Task statement: For the data below, give the number of lines that include the word "Design" and nothing else.

Data excerpts:
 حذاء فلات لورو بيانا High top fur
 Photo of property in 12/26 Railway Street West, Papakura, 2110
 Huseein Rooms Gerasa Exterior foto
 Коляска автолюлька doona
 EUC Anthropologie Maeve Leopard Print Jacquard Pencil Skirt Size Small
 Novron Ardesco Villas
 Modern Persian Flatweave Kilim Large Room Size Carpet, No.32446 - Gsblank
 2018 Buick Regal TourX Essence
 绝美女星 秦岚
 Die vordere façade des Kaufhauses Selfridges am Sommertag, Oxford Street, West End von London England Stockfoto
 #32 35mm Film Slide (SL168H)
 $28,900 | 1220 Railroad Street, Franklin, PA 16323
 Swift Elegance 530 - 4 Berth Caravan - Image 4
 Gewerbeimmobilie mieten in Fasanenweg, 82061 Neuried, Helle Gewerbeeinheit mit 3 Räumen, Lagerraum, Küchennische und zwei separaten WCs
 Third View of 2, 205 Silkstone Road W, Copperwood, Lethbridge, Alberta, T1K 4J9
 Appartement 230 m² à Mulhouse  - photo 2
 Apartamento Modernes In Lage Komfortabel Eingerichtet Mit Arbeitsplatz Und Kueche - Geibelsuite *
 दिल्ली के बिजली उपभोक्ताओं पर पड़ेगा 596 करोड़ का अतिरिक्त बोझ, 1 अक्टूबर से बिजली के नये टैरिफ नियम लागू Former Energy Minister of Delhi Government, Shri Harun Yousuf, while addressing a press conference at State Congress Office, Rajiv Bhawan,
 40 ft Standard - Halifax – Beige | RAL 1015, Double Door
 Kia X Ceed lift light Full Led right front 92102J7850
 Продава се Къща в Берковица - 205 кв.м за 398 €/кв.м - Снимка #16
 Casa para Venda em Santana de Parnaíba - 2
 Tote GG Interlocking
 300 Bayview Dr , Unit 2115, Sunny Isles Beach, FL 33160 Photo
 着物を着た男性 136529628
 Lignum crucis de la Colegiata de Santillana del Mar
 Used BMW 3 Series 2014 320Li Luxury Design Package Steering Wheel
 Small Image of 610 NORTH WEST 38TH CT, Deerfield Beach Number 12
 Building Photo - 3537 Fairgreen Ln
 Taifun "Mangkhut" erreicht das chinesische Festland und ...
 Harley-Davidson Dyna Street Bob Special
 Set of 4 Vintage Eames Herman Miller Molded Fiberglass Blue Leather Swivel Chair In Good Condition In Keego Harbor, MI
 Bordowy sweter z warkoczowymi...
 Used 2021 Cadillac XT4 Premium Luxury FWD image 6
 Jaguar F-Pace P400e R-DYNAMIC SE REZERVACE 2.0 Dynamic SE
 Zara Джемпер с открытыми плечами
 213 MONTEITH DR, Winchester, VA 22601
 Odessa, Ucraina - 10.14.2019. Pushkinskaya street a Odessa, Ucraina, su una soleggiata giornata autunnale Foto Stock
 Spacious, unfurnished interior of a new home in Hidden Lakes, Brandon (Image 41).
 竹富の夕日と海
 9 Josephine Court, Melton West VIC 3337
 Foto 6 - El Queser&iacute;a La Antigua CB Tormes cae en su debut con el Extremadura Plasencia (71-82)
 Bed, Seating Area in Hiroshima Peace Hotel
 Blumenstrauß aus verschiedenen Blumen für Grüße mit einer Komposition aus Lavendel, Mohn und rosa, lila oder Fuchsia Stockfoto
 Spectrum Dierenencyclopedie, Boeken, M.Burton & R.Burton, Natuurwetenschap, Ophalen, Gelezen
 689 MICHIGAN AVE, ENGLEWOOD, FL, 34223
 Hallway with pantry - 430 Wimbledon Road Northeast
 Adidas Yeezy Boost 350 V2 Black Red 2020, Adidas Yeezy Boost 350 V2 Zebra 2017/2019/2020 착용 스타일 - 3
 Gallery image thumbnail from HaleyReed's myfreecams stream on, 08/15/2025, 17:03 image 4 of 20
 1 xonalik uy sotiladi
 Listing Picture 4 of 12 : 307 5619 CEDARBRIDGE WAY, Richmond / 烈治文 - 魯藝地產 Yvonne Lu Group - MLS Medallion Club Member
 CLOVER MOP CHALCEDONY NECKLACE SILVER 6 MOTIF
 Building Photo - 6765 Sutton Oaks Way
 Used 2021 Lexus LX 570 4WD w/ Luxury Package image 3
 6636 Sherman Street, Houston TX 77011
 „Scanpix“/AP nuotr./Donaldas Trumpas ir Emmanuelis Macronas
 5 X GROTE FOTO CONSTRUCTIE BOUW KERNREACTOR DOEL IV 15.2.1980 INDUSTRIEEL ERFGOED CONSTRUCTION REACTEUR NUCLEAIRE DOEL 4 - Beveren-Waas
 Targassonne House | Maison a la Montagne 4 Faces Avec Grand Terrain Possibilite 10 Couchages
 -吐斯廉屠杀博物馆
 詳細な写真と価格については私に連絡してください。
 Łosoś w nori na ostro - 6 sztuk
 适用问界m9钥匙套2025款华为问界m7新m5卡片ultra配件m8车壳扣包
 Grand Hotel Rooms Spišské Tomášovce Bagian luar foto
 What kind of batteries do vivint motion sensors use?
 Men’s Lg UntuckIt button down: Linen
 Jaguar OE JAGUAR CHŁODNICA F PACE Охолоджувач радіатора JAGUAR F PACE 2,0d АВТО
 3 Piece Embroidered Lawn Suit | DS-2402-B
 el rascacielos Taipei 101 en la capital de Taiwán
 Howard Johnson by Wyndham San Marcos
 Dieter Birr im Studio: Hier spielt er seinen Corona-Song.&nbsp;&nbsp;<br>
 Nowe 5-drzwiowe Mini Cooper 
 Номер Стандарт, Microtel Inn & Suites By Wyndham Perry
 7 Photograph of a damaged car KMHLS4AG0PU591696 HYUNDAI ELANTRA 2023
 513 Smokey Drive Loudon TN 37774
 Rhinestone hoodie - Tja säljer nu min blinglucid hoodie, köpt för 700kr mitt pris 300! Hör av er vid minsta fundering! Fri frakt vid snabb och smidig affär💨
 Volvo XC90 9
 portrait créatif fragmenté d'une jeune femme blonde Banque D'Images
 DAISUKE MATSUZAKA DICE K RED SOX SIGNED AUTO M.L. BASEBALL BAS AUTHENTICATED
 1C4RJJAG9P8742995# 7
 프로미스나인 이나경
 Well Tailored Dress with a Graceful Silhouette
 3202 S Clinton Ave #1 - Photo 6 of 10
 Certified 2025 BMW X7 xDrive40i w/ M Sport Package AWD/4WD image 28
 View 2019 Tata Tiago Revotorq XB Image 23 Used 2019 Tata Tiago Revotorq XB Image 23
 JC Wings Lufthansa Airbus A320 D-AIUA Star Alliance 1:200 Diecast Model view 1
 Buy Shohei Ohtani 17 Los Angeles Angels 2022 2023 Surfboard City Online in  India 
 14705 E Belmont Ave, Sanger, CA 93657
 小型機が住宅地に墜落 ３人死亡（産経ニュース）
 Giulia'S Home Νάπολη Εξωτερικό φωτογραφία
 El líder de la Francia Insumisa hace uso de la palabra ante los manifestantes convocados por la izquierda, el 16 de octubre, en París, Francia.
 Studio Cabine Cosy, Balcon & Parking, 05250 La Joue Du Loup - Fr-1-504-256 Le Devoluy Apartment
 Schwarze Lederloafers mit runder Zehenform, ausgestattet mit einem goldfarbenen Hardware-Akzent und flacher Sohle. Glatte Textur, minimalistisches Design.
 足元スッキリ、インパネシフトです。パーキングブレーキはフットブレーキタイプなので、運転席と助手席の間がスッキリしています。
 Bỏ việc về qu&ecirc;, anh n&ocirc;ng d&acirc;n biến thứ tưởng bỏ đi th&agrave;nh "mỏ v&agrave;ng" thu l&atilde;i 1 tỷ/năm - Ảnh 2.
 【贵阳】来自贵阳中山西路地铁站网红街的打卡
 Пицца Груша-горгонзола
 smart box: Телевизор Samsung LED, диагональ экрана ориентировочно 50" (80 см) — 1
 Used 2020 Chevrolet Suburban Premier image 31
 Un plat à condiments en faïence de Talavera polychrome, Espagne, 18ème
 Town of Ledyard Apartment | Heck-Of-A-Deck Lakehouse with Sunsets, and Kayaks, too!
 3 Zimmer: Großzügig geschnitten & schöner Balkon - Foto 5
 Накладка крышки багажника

Result for this task: 2